*** Data below ***

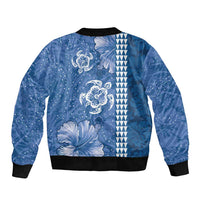 Blue Hibiscus Turle Bomber Jacket Hawaiian Style Tribal Tapa Pattern LT9 - Polynesian Pride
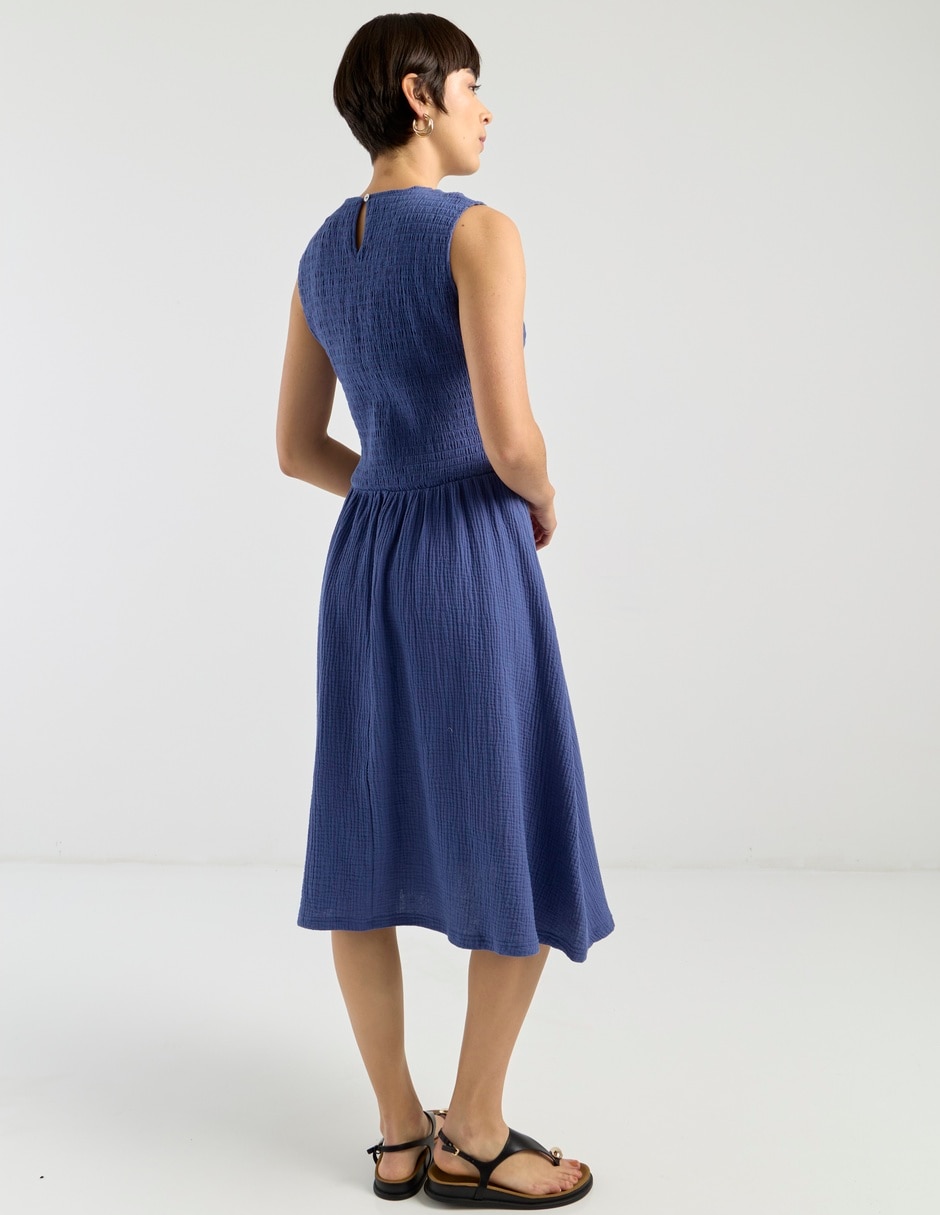 Vestido 3/4 casual escote redondo 2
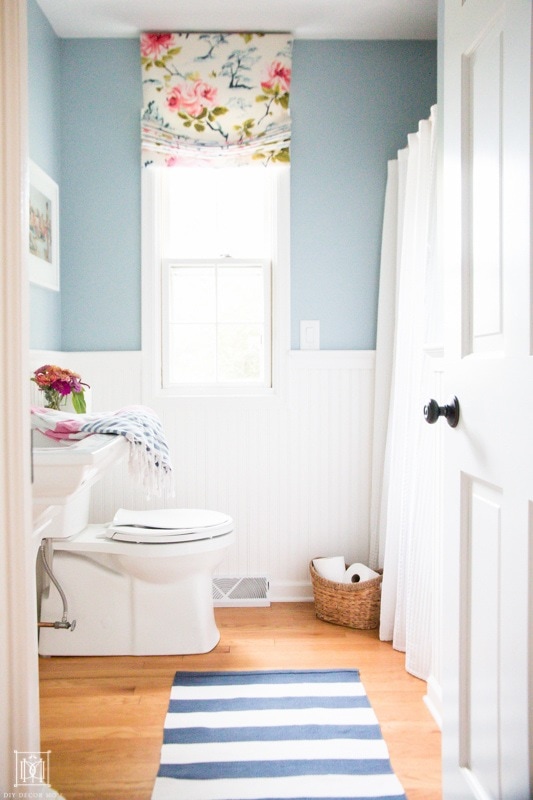 blue gray bathroom using FB parma gray with white beadboard 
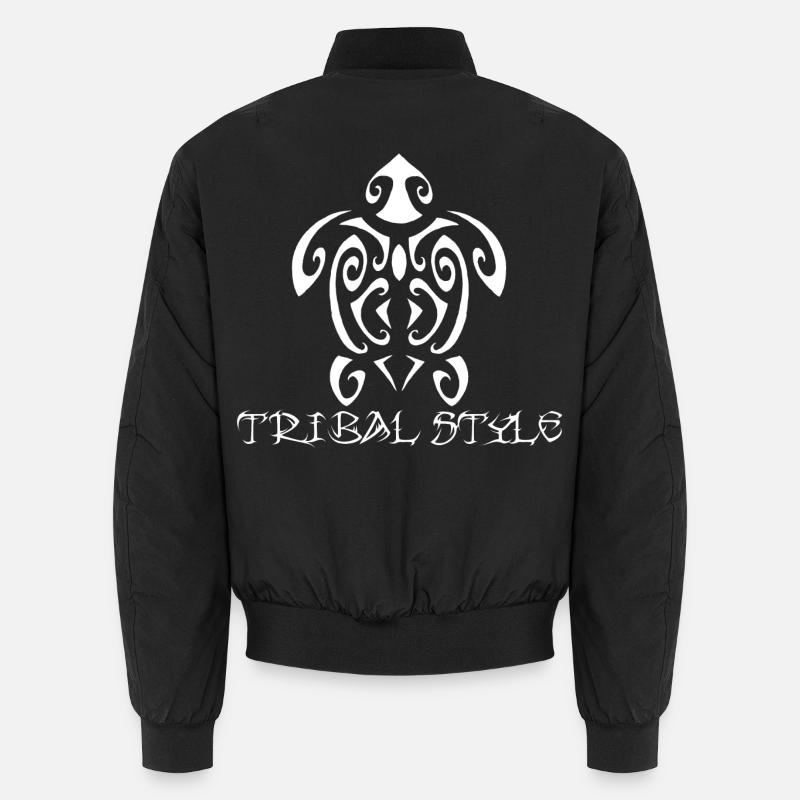 Polynesian White Turtle Unisex Bomber Jacket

*** End of Data below ***

→ **Your instructions**
Reproduce each line above exactly, but not a single picture.

→ **Completed exercise**
 Blue Hibiscus Turle Bomber Jacket Hawaiian Style Tribal Tapa Pattern LT9 - Polynesian Pride
 Vestido 3/4 casual escote redondo 2
 blue gray bathroom using FB parma gray with white beadboard 
 Polynesian White Turtle Unisex Bomber Jacket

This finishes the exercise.